Als ich Zuhause ankomme, atme ich erleichtert aus. Das beklemmende Gefühl, dass mich immer verfolgt, wenn ich im Dunkeln alleine unterwegs bin, fällt von mir ab. Stattdessen macht sich Wärme breit. Meine Wangen piksen dank der Temperatur Unterschiede einen Moment. Kaum das ich meine Sachen ausgezogen habe, beginnt mein Handy zu klingeln. Es ist Miri. Verwundert sehe ich auf mein Telefon. Wir haben seit dem Essen mit Dylan nicht mehr miteinander geredet. Irgendwie waren wir beide sauer aufeinander. Ich mehr auf mich als auf sie.
„July?" Fragt sie gleich ins Telefon als ich abhebe. „Ja", antworte ich. „Hast du die Zeitung gelesen?" Will sie wissen. Irritiert ziehe ich die Augenbrauen zusammen. „Wer liest denn heute noch die Zeitung?" Feixe ich lachend. Ganz so Unrecht habe ich nicht. Ich kenne niemanden außer meinen Vater, der noch die Zeitung liest. „Jules", meckert sie. „Leonie Hoffner", meint sie dann. Der Name sagt mir etwas, zuordnen kann ich ihn aber nicht. „Hol die Zeitung und geh auf die dritte Seite", redet sie weiter. Ich gehe in die Küche, wo Papa seine Zeitung immer liegen lässt und blättere die dritte Seite auf. „Ach du scheiße", entfährt es mir. Gott sei Dank ist niemand da der meine Ausdrücke hören kann.

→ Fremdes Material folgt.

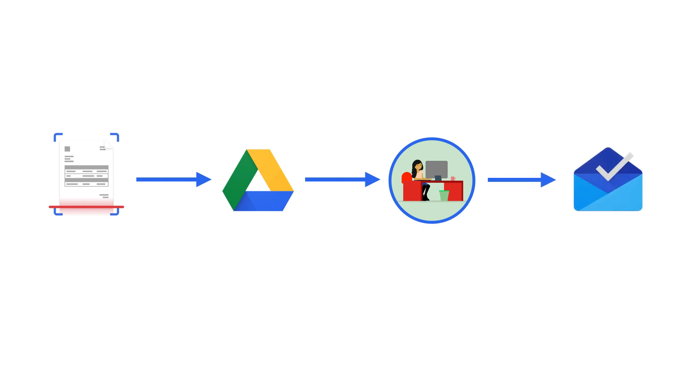For reimbursements, he can trigger both the extraction of the data and an approval request notification to his manager, all by uploading invoice and receipt documents to the pre-selected Drive folder.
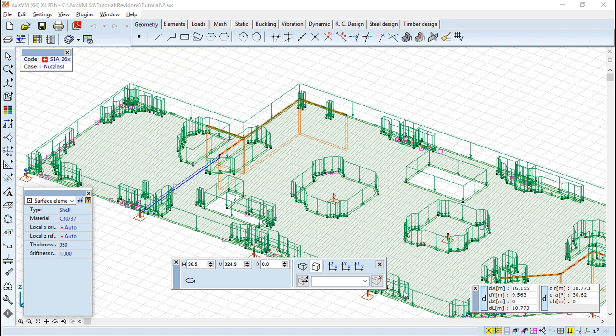Hello, we are here for one more lesson of this Axis VM training course and the topic for today's lesson will be the cursor, the keyboard and the mouse.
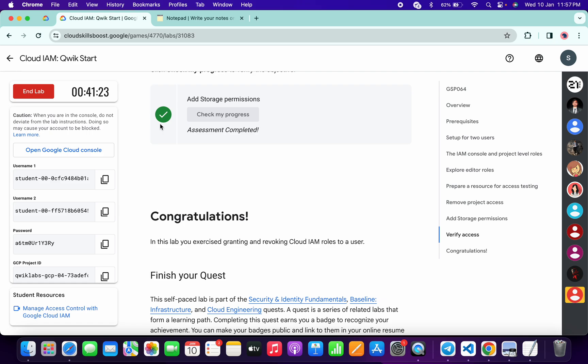Just simply wait for a couple of seconds and you will get a full score on this lab without any issue. That's the way we have to complete this lab. If you still have any doubts, please let me know in the comment section. Thanks for watching and have a good day.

„Sie wurde vergewaltigt", murmle ich. Ich betrachte das Foto, dass Leonie zeigt und jetzt wird mir auch klar woher ich sie kenne. Sie war öfter auf den Partys von Dylan und seinen Freunden. Wir haben nie miteinander geredet. „Und das mitten im Park, nachts.. Jules das ist so gruselig. Das hätte eine von uns sein können", der Ekel ist ihr anzuhören. Ich nicke benommen während ich mir den Artikel durchlese. Und dann trifft es mich wie der Blitz. Das war die Nacht, in der ich Dylan geholt habe. Nachts, betrunken, aus dem Park.
**
Ich weiß nicht was es ist, aber ich kann mich nicht zurückhalten. Wütend beschreibt nicht einmal annähernd was ich fühle. So viel hat er getan, so viele Dinge, die ich ihm immer wieder verziehen habe, weil ich ihn liebe aber wie könnte ich ihm etwas so ekelhaftes verzeihen. Wie könnte ich mir jemals mein Spiegelbild anschauen und es nicht hassen?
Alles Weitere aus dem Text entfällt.